== Instructions for the task ==
Beginning at the line that includes "BMW X5 — photo 11", print each remaining line of the data word for word. Output nothing else.

Crawled caption data
───

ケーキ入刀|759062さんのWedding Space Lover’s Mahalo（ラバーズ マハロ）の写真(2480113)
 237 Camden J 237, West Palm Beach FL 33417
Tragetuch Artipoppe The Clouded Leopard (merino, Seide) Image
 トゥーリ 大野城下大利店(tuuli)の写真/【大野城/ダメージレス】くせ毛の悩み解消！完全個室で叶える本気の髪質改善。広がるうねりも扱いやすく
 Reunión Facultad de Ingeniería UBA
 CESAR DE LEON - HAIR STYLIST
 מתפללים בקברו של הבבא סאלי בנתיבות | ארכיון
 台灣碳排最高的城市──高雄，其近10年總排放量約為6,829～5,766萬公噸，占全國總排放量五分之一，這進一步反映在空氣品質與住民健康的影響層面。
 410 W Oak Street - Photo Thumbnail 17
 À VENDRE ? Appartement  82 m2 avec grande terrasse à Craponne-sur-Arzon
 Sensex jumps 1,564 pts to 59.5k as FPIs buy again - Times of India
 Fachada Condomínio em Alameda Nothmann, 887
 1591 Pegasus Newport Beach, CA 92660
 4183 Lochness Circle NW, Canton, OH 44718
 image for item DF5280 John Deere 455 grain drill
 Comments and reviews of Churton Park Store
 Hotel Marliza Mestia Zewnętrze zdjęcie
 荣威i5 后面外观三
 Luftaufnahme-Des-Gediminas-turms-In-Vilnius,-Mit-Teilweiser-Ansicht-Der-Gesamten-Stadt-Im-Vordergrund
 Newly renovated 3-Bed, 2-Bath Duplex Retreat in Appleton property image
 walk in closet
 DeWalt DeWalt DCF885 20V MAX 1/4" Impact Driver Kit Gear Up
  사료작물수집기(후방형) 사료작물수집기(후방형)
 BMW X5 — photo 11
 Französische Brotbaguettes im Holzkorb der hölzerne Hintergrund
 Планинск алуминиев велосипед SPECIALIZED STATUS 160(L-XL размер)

───

== Result for this exercise ==
 BMW X5 — photo 11
 Französische Brotbaguettes im Holzkorb der hölzerne Hintergrund
 Планинск алуминиев велосипед SPECIALIZED STATUS 160(L-XL размер)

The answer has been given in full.